Data citation is a topic that frequently comes up in conversations around data management. During a call with a community of data curators yesterday, I was asked whether ScholarSphere supported DOIs for citing data sets.

I have to admit that while I understand the value of data citation — tracking use & re-use, measuring impact of data sets independent of their publications, giving credit to data publishers, &c. — I continually get stuck on how identifiers such as DOIs from DataCite or ARKs from EZID fit into the picture. Or, rather, why such indirect identifiers are valued more than the native HTTP URIs that are minted and managed by data repositories. Here I assume that these data repositories are run by institutions whose missions & business interests include a commitment to persistence of content and identifiers held within their repositories. (Is that a faulty or naïve assumption?)

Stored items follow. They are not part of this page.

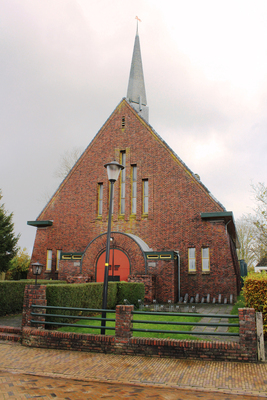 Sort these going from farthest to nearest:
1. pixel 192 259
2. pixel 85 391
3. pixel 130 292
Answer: pixel 192 259 → pixel 130 292 → pixel 85 391

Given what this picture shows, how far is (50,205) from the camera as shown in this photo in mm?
25781

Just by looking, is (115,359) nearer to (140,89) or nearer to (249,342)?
(249,342)

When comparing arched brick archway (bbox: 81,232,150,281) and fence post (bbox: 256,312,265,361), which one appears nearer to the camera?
fence post (bbox: 256,312,265,361)

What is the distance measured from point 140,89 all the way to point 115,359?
97.2 ft

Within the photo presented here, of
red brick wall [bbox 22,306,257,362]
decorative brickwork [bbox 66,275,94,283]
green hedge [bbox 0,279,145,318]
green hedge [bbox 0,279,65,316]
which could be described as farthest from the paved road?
decorative brickwork [bbox 66,275,94,283]

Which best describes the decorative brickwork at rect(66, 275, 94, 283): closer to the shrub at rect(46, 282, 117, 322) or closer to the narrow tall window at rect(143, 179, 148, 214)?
the shrub at rect(46, 282, 117, 322)

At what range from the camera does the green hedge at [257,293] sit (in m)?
8.86

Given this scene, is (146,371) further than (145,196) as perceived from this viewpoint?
No

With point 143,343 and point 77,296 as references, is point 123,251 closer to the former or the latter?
point 77,296

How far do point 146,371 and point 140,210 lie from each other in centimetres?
1577

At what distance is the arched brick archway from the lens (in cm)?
1912

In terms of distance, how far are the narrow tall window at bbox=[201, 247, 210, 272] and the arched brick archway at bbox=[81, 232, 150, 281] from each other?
140 inches

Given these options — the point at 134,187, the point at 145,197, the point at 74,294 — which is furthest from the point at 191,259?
the point at 74,294

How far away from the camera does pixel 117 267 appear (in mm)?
19891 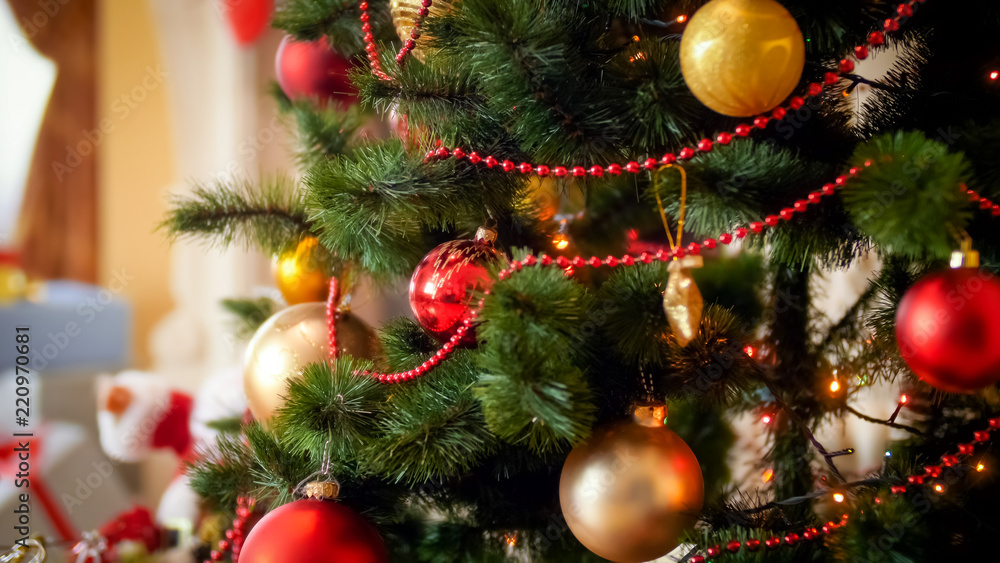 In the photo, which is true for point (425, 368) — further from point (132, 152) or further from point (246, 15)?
point (132, 152)

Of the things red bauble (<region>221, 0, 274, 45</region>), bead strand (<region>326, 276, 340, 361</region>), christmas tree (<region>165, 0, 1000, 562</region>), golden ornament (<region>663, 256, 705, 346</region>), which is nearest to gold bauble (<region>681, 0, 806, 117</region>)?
christmas tree (<region>165, 0, 1000, 562</region>)

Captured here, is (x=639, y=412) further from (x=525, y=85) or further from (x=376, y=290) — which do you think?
(x=376, y=290)

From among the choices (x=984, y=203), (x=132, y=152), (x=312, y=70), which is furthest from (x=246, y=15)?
(x=984, y=203)

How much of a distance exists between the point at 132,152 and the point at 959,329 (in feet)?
6.88

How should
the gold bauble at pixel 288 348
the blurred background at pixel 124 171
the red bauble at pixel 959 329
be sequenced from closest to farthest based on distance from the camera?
the red bauble at pixel 959 329
the gold bauble at pixel 288 348
the blurred background at pixel 124 171

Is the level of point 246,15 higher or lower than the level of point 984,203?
higher

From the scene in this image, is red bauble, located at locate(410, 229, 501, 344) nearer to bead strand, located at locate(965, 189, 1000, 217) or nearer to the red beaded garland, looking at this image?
the red beaded garland

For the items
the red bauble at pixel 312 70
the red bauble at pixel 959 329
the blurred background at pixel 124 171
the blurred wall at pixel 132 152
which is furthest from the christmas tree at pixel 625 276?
the blurred wall at pixel 132 152

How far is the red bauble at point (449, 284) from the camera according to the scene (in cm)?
51

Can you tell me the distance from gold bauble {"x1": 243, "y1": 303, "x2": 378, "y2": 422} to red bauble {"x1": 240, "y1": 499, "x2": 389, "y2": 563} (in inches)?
6.0

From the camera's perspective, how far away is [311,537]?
1.52 feet

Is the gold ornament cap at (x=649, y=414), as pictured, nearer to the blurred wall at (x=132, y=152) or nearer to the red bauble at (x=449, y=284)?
the red bauble at (x=449, y=284)

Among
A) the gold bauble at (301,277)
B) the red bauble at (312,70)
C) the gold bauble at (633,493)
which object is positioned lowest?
the gold bauble at (633,493)

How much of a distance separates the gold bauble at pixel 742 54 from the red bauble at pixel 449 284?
0.21 meters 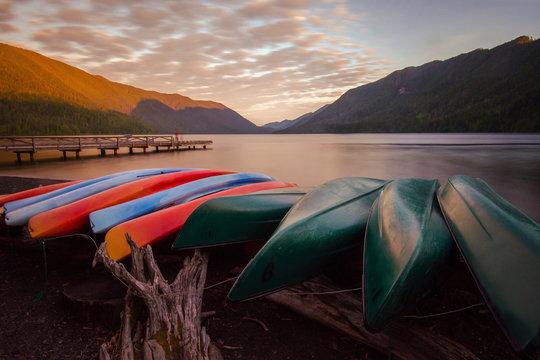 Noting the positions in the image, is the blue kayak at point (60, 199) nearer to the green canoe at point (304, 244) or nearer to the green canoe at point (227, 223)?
the green canoe at point (227, 223)

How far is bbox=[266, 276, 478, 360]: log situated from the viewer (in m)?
1.90

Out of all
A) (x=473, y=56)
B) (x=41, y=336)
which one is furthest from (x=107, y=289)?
(x=473, y=56)

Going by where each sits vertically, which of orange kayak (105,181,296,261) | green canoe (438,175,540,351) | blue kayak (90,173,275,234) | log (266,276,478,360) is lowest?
log (266,276,478,360)

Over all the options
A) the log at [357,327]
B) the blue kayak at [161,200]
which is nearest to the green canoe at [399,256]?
the log at [357,327]

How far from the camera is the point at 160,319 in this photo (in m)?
1.95

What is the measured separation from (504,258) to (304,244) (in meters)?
1.08

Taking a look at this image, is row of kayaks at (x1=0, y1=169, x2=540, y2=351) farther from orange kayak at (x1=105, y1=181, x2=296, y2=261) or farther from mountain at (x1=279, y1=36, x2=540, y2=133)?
mountain at (x1=279, y1=36, x2=540, y2=133)

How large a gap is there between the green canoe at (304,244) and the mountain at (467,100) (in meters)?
100

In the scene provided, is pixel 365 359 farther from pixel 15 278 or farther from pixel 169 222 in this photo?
pixel 15 278

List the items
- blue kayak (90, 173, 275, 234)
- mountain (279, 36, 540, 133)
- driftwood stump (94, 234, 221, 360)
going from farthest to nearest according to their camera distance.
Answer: mountain (279, 36, 540, 133), blue kayak (90, 173, 275, 234), driftwood stump (94, 234, 221, 360)

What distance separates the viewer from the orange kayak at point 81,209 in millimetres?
3100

The argument for indirect identifiers — identifiers that point at and resolve to other identifiers — like DOIs usually goes like this: hey there, cultural heritage organizations and publishers have done a pretty poor job of persisting their identifiers so far, partly because they didn’t grok the commitment they were undertaking, or because they weren’t deliberate about crafting sustainable URIs from the outset, or because they selected software with brittle URIs, or because they fell flat on some area of sustainability planning (financial, technical, or otherwise), and so because you can’t trust these organizations or their software with your identifiers, you should use this other infrastructure for minting and managing quote persistent unquote identifiers.

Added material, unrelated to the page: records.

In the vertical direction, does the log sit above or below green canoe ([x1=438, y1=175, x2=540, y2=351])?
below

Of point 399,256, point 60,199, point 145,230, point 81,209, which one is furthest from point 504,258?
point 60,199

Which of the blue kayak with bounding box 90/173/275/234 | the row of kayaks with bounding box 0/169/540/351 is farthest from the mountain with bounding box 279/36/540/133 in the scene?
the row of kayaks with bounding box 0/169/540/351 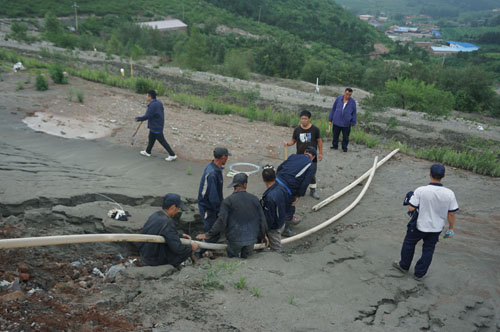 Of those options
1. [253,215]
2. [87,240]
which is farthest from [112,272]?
[253,215]

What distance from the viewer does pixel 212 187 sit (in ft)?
18.0

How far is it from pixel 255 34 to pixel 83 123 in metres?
76.7

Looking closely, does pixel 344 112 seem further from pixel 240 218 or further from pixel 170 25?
pixel 170 25

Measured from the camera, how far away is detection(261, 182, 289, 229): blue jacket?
5.50 meters

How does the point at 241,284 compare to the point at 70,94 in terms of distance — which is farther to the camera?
the point at 70,94

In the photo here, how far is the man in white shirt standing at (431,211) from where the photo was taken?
15.4 feet

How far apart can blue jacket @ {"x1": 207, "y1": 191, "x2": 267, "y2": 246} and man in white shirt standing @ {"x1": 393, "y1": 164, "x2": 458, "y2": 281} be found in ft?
6.59

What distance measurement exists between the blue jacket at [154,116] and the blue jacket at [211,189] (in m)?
3.50

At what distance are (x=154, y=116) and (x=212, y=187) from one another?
373 centimetres

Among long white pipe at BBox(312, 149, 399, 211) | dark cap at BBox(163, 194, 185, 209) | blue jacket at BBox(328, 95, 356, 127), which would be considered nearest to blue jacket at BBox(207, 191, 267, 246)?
dark cap at BBox(163, 194, 185, 209)

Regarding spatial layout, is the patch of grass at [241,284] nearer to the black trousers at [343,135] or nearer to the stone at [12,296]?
the stone at [12,296]

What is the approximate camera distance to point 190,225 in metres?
6.66

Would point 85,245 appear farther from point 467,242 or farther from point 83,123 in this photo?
point 83,123

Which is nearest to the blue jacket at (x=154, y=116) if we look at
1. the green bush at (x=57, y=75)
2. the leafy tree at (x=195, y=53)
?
the green bush at (x=57, y=75)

SIDEBAR: That’s a lot of becauses, all of which (to be perfectly frank) are painfully true. As an employee of a service provider within a very large academic library, I find this unacceptable. The solution from my perspective is not to punt responsibility for persistent identifiers. The solution is to confront each of those becauses and learn from our mistakes, and (as information service providers who oughta know better) to better steward and manage identifiers for data sets (and other deposits). I digress.

Are there other compelling arguments for using indirect identifiers to cite data sets? This is where you come in.

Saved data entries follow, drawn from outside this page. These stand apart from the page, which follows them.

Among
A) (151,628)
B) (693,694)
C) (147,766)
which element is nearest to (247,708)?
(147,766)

Back to the main point. Here is the million-dollar question about using (e.g.) DOIs for data sets: who manages these DOIs? Is it the service provider (such as DataCite, or Penn State ScholarSphere)? Or is it the owner of the data set?

If it’s the service provider, how are they to know when data owners move their content elsewhere? And how does that scale?

If it’s the data owner, uh, really? Do we realistically expect data owners to manage their own DOIs? I may be being cynical here, but I somehow don’t see that happening on any scale that has an appreciable impact on the broader issue of data citability and identifier persistence.